# Civil War computer game for me and my son



## Pergamum (Aug 19, 2010)

Hello,

I am looking for suggestions on a good Civil War computer wargame. 

Not a large strategic level thing where you have to pick the types of guns and build railroads and fight the entire war, but a battle level game where the units are already there and you position them in line of battle and fight and see their lines advance, etc.

Gettysburg by Sid Meir's comes into mind, but I don't know if there is anything better; besides, I heard that it has glitches with Windows XP.
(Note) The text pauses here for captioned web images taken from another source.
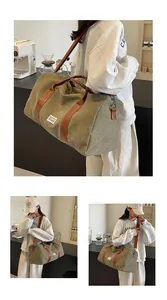 Stilvolle olivgrüne Segeltuch-Reisetasche in einer modernen Lifestyle-Umgebung gezeigt
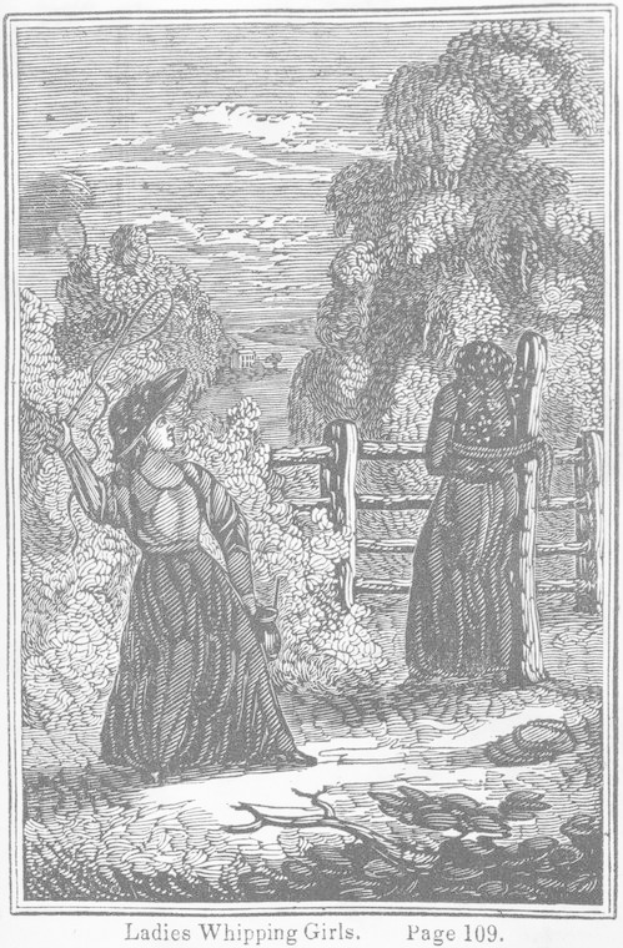 Zwei Frauen sind auf dem Bild zu sehen, wie sie zwei Mädchen in einem bewaldeten Gebiet mit einer hölzernen Umzäunung und Bäumen im Hintergrund auspeitschen; das Bild ist in Schwarz-Weiß mit Text am unteren Rand, der "Ladies Whipping Girls, Seite 109" lautet.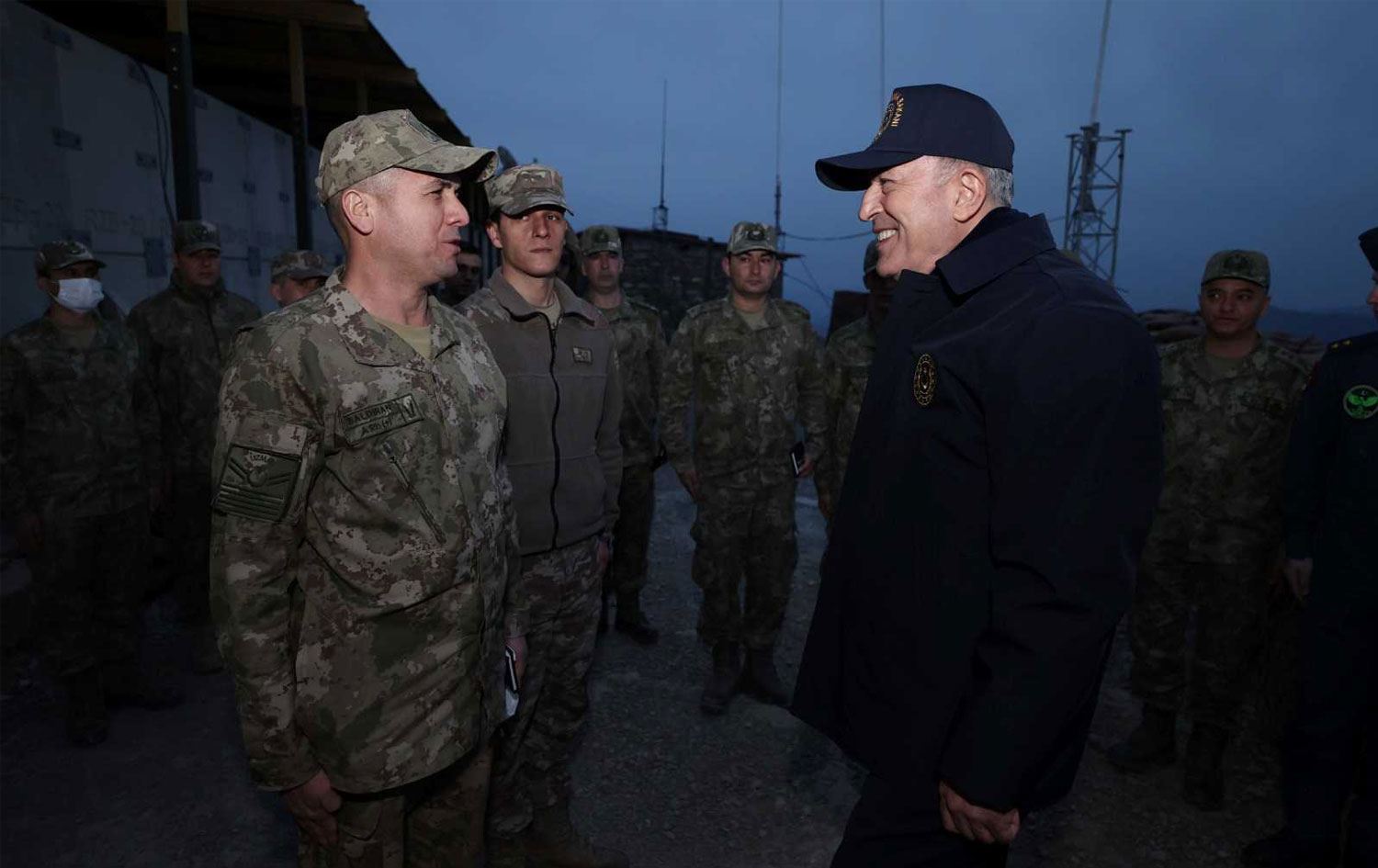 Wezîrê Berevaniya Tirkiyê li Çelê serdana xeta sînor kir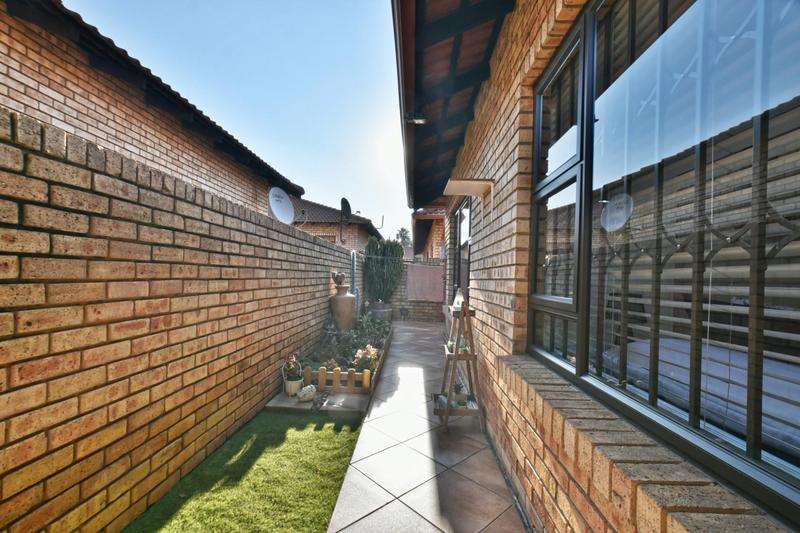3 Bedroom Property for Sale in New Market Gauteng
P.s. this will be my first computer game buy since my teenage years. My son wants a computer game to play against me so I also decided to buy one for myself, and I also wanted something historical.


----------



## KMK (Aug 19, 2010)

Sid Meier's Civilization is awesome. In fact, I cannot allow myself to play it. I am helplessly addicted. I would imagine any of his games are very good.


----------



## CharlieJ (Aug 19, 2010)

KMK said:


> Sid Meier's Civilization is awesome. In fact, I cannot allow myself to play it. I am helplessly addicted. I would imagine any of his games are very good.


 
Yep. I started playing this in 3rd grade, and I still play it.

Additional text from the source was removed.